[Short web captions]
········

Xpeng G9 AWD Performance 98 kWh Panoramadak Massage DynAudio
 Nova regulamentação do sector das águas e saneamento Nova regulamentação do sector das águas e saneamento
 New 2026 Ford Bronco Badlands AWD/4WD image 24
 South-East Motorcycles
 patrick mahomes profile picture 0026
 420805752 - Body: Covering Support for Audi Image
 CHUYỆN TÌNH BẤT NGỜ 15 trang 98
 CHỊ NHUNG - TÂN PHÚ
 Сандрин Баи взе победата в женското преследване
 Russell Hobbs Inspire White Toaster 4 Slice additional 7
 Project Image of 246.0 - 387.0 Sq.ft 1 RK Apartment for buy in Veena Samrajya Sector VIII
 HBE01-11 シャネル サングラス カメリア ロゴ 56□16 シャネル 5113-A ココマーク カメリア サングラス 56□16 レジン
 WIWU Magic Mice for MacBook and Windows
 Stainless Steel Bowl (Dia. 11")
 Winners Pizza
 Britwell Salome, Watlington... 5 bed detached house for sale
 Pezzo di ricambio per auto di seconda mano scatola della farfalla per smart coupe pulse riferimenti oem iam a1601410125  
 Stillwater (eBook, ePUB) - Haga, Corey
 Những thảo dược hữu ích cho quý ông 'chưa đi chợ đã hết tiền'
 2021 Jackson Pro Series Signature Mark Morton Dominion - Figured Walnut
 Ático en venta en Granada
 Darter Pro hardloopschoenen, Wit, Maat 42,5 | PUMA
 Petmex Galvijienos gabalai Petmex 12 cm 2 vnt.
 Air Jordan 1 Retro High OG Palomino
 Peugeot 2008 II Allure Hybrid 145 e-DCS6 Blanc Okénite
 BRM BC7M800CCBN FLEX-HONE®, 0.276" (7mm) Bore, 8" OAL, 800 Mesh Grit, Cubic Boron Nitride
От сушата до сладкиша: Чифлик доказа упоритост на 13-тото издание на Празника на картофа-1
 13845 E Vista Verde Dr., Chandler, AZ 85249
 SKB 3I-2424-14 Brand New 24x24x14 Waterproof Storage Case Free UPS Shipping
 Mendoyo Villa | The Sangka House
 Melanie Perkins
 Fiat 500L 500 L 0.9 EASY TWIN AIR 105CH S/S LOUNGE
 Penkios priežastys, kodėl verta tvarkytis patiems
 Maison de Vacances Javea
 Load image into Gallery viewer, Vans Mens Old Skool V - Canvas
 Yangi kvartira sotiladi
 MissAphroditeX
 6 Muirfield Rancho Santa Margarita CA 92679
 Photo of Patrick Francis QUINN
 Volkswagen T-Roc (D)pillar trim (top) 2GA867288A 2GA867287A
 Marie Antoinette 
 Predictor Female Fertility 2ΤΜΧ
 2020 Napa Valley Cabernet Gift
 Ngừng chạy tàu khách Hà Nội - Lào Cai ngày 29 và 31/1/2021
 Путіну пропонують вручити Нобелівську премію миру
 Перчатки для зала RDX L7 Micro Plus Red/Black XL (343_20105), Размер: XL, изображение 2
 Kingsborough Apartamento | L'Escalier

········

* _TASK DESCRIPTION_
Repeat every line of the records, exactly as given.

* _WRITTEN ANSWER_
Xpeng G9 AWD Performance 98 kWh Panoramadak Massage DynAudio
 Nova regulamentação do sector das águas e saneamento Nova regulamentação do sector das águas e saneamento
 New 2026 Ford Bronco Badlands AWD/4WD image 24
 South-East Motorcycles
 patrick mahomes profile picture 0026
 420805752 - Body: Covering Support for Audi Image
 CHUYỆN TÌNH BẤT NGỜ 15 trang 98
 CHỊ NHUNG - TÂN PHÚ
 Сандрин Баи взе победата в женското преследване
 Russell Hobbs Inspire White Toaster 4 Slice additional 7
 Project Image of 246.0 - 387.0 Sq.ft 1 RK Apartment for buy in Veena Samrajya Sector VIII
 HBE01-11 シャネル サングラス カメリア ロゴ 56□16 シャネル 5113-A ココマーク カメリア サングラス 56□16 レジン
 WIWU Magic Mice for MacBook and Windows
 Stainless Steel Bowl (Dia. 11")
 Winners Pizza
 Britwell Salome, Watlington... 5 bed detached house for sale
 Pezzo di ricambio per auto di seconda mano scatola della farfalla per smart coupe pulse riferimenti oem iam a1601410125  
 Stillwater (eBook, ePUB) - Haga, Corey
 Những thảo dược hữu ích cho quý ông 'chưa đi chợ đã hết tiền'
 2021 Jackson Pro Series Signature Mark Morton Dominion - Figured Walnut
 Ático en venta en Granada
 Darter Pro hardloopschoenen, Wit, Maat 42,5 | PUMA
 Petmex Galvijienos gabalai Petmex 12 cm 2 vnt.
 Air Jordan 1 Retro High OG Palomino
 Peugeot 2008 II Allure Hybrid 145 e-DCS6 Blanc Okénite
 BRM BC7M800CCBN FLEX-HONE®, 0.276" (7mm) Bore, 8" OAL, 800 Mesh Grit, Cubic Boron Nitride
От сушата до сладкиша: Чифлик доказа упоритост на 13-тото издание на Празника на картофа-1
 13845 E Vista Verde Dr., Chandler, AZ 85249
 SKB 3I-2424-14 Brand New 24x24x14 Waterproof Storage Case Free UPS Shipping
 Mendoyo Villa | The Sangka House
 Melanie Perkins
 Fiat 500L 500 L 0.9 EASY TWIN AIR 105CH S/S LOUNGE
 Penkios priežastys, kodėl verta tvarkytis patiems
 Maison de Vacances Javea
 Load image into Gallery viewer, Vans Mens Old Skool V - Canvas
 Yangi kvartira sotiladi
 MissAphroditeX
 6 Muirfield Rancho Santa Margarita CA 92679
 Photo of Patrick Francis QUINN
 Volkswagen T-Roc (D)pillar trim (top) 2GA867288A 2GA867287A
 Marie Antoinette 
 Predictor Female Fertility 2ΤΜΧ
 2020 Napa Valley Cabernet Gift
 Ngừng chạy tàu khách Hà Nội - Lào Cai ngày 29 và 31/1/2021
 Путіну пропонують вручити Нобелівську премію миру
 Перчатки для зала RDX L7 Micro Plus Red/Black XL (343_20105), Размер: XL, изображение 2
 Kingsborough Apartamento | L'Escalier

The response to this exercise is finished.